RADIO PHYSICS AND RADIO ASTRONOMY

 PACS numbers: 84.40.Xb, 84.40.Ba

Purpose: Investigation of the space-and-time structure of the output signal of the antenna array (AA) of a chirp pulse radar in dependence on the frequency deviation range of the probe signal and analysis of the applicability condition for the phase scanning method in such systems.

Design/methodology/approach: To calculate the space-and-time directional pattern (STDP) of the AA of a chirp pulse radar, the standard methods of mathematical physics and computer modeling are used.

Findings: Formulas have been derived for calculating the output signal of the AA of a chirp pulse radar after optimum filtering in the case of beamforming using phase shifters and/or time-delay lines. An analysis has been made of distortions of the STDP pertaining to the phase scanning method in dependence on the frequency deviation range of the probe chirp signal with a fixed scanning angle, as well as of a function of the scanning angle with the frequency deviation range being fixed. An explanation has been suggested to the cause of arising of such distortion, and it has been shown that they are similar to the effects observed in the case of using taper windows for sidelobe suppression in the time and space (angular) domains. Based on the results obtained, an applicability condition has been formulated for the phase scanning in AAs of chirp pulse radars. It has been shown that minor violations of this condition result in decreasing the amplitude and broadening of the main lobe and sidelobes of the STDP of AAs. In the case of strong violations of the applicability condition for the phase scanning the sidelobes of the angular directional pattern degenerate merging with the main one into a single quite broad maximum. The effects considered lead to deterioration of the range and azimuth resolution capabilities of radars and should be taken into account when selecting the taper window parameters.

Conclusions: The results obtained in this study should be taken into account when analyzing the range and angular resolution capability of chirp pulse radars made on the basis of AAs. To extend the tolerable frequency deviation range Δf  of the sounding signal for a specified angular scanning sector (or to enhance the scanning sector with a specified Δf), a hybrid method of AA beamforming can be used with application of both phase shifters (within subsections) and time-delay lines (for the subsection output signals).

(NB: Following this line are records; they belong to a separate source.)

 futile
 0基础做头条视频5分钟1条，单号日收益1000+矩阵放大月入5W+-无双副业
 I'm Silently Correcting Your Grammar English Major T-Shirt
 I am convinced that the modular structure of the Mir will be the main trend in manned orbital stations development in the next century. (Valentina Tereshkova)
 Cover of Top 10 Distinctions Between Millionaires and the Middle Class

Key words: antenna array, directional pattern, phase scanning, chirp-pulse, pulse compression filter

Manuscript submitted 12.11.2019

Radio phys. radio astron. 2019, 24(4): 285-299

REFERENCES

1. Foster, R. M., 1926. Directive diagrams of antenna arrays. Bell Syst. Tech. J. vol. 5, is. 2, pp. 292–307. DOI: https://doi.org/10.1002/j.1538-7305.1926.tb04302.x

2. Hansen, R. C., 2009. Phased Array Antennas. Hoboken, New Jersey: John Wiley & Sons, Inc. DOI: https://doi.org/10.1002/9780470529188

3. Svetlov, A. V., 2017. Radiolocation: origin and development. Engineering and technology [online]. vol. 2, no. 1. (in Russian) DOI: https://doi.org/10.21685/2587-7704-2017-2-1-1

4. De Size, L. K. and Ramsay, J. F., 1964. Reflecting systems. Chapter 2. In: R. C. HANSEN, ed. Microwave scanning antennas. Vol. 1. Apertures. New York, London: Academic Press, pp. 107–213. DOI: https://doi.org/10.1016/B978-0-12-323901-3.50009-7

5. Cooley, M. E. and Davis, D., 2008. Reflector antennas. In: M. I. SKOLNIK, ed. Radar Handbook. New York, Chicago, San Francisco et al.: McGraw-Hill Companies, pp. 12.1–12.43.

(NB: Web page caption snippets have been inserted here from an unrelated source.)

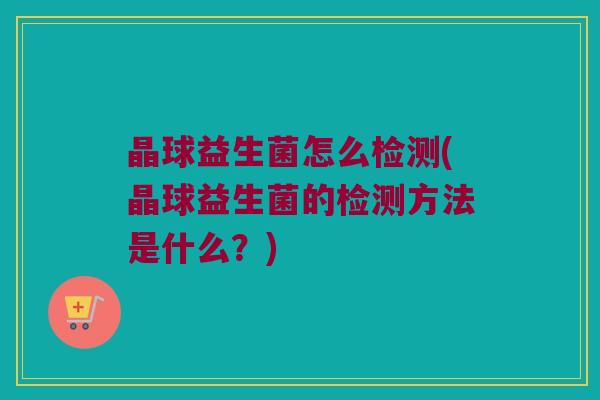 晶球益生菌怎么检测(晶球益生菌的检测方法是什么？)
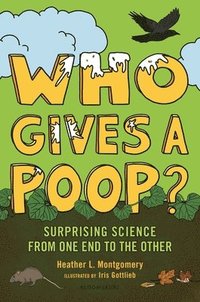 bokomslag Who Gives a Poop?: Surprising Science from One End to the Other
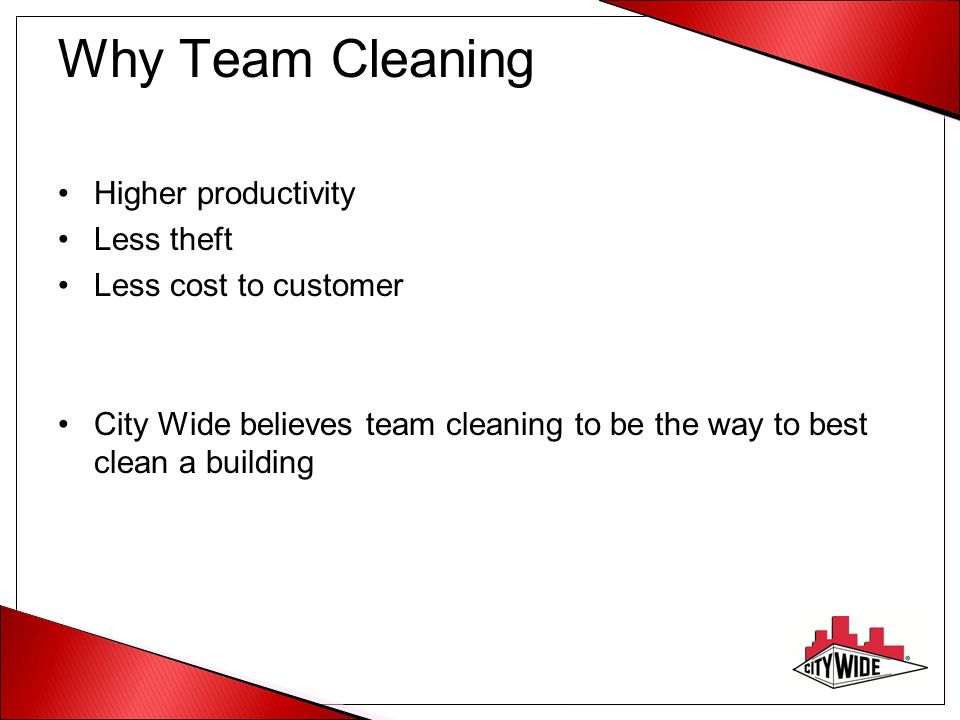 Why Team Cleaning Higher productivity Less theft Less cost to customer City Wide believes team cleaning to be the way to best clean a building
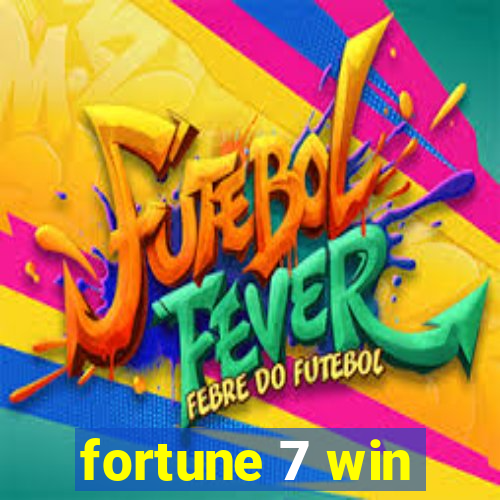 fortune 7 win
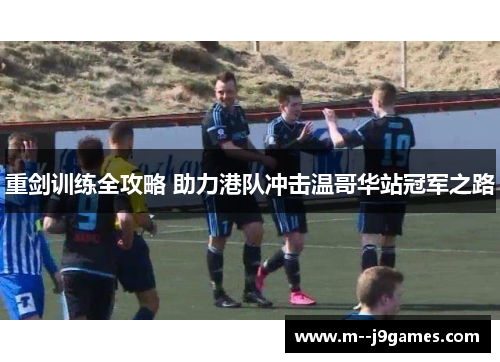重剑训练全攻略 助力港队冲击温哥华站冠军之路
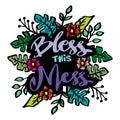 Bless this mess. Hand drawn lettering with floral elements.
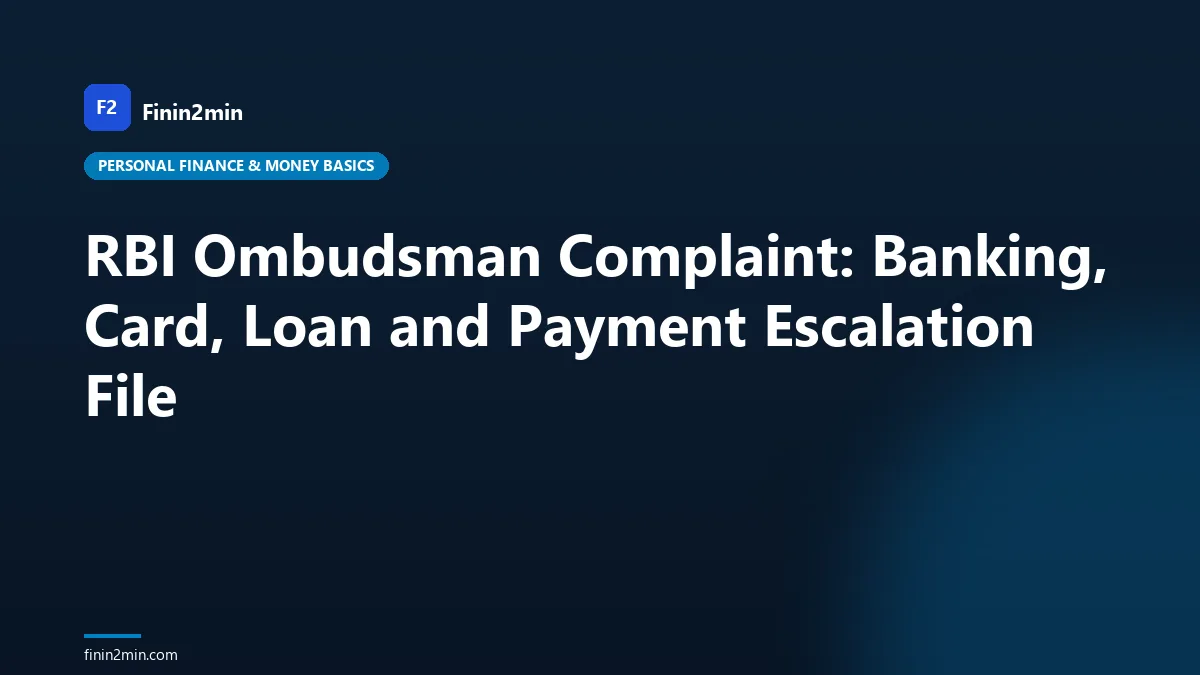 RBI Ombudsman Complaint: Banking, Card, Loan and Payment Escalation File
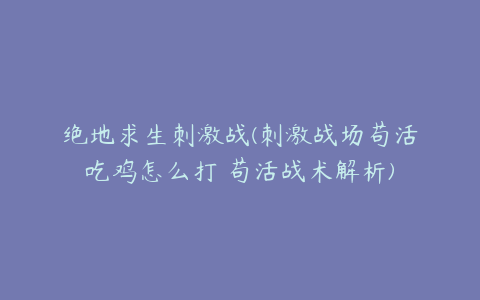 绝地求生刺激战(刺激战场苟活吃鸡怎么打 苟活战术解析)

6. KUZ’MIN, S. Z., 2000. Digital radiolocation. Introduction to the theory. Kyiv, Ukraine: “KVITS” Publ. (in Russian).

7. BCC RESEARCH, 2018. 5 Key Trends in Radar Technology. Radar Manufacturing: Global Markets to 2022. BCC Research Report IAS052A [online]. [viewed 15.10.2019]. Available from: http://blog.bccresearch.com/5-key-trends-in-radar-technology

8. Frank, J. and Richards, J. D., 2008. Phased array radar antennas. In: M. I. SKOLNIK, ed. Radar Handbook. New York, Chicago, San Francisco et al.: McGraw-Hill Companies, pp. 13.1–13.74.

9. Liu, M., Zou, L. and Wang, X., 2019. Practical Beamforming Technologies for Wideband Digital Array Radar. Prog. Electromagn. Res. Lett. vol. 86, pp. 145–151. DOI: https://doi.org/10.2528/PIERL19072303

10. Jun, W., Duo-Duo, C. and Fan, Y., 2012. Aperture Effect Influence and Analysis of Wideband Phased Array Radar. Procedia Eng. vol. 29, pp. 1298–1303. DOI: https://doi.org/10.1016/j.proeng.2012.01.130

11. Ajioka, J. S., 1993. Frequency scan antennas. Chapter 19. In: R. C. JOHNSON, ed. Antenna Engineering Handbook. New York, Louis, San Francisco et al.: Mc-Graw Hill, Inc., pp. 19.1–19.30.

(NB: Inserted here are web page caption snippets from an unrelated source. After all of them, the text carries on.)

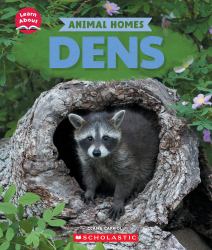 Dens (Learn about: Animal Homes)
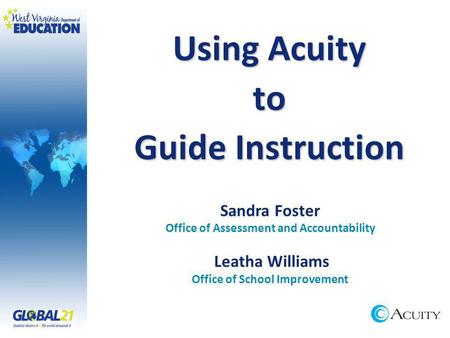 Using Acuity to Guide Instruction Sandra Foster Office of Assessment and Accountability Leatha Williams Office of School Improvement.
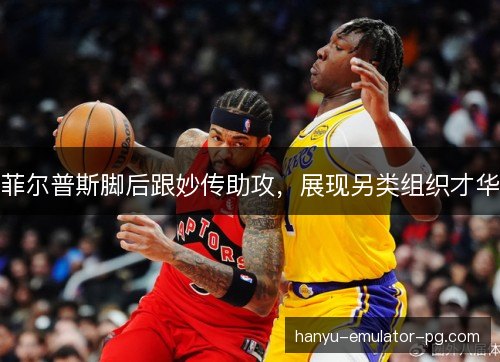 菲尔普斯脚后跟妙传助攻，展现另类组织才华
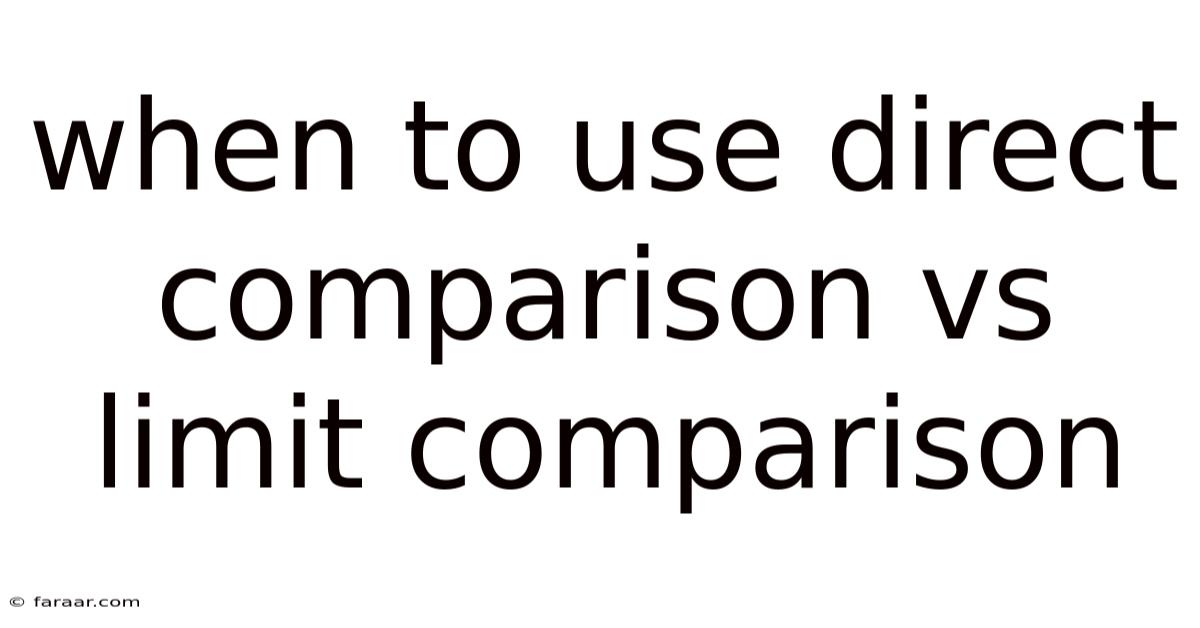 When To Use Direct Comparison Vs Limit Comparison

12. Mailloux, R. J., 2005. Phased Array Antenna Handbook. Boston, London: Artech House, Inc.

13. Ducoff, M. R. and Tietjen, B. W., 2008. Pulse Compression Radar. In: M. I. SKOLNIK, ed. Radar Handbook. New York, Chicago, San Francisco et al.: McGraw-Hill Companies, pp. 8.1–8.44.

14. MARTYNENKO, V. S., 1990. Operational calculus. Kyiv, Ukraine: Vyshcha shkola Publ. (in Russian).

15. LEVIN, B. R., 1969. Theoretical fundamentals of statistical radio engineering. Part 1. Moscow, USSR: Sovetskoe radio Publ. (in Russian).

16. Cook, C. E. and Bernfeld, M., 1967. Radar Signals: An Introduction to Theory and Application. New York, London: Academic Press.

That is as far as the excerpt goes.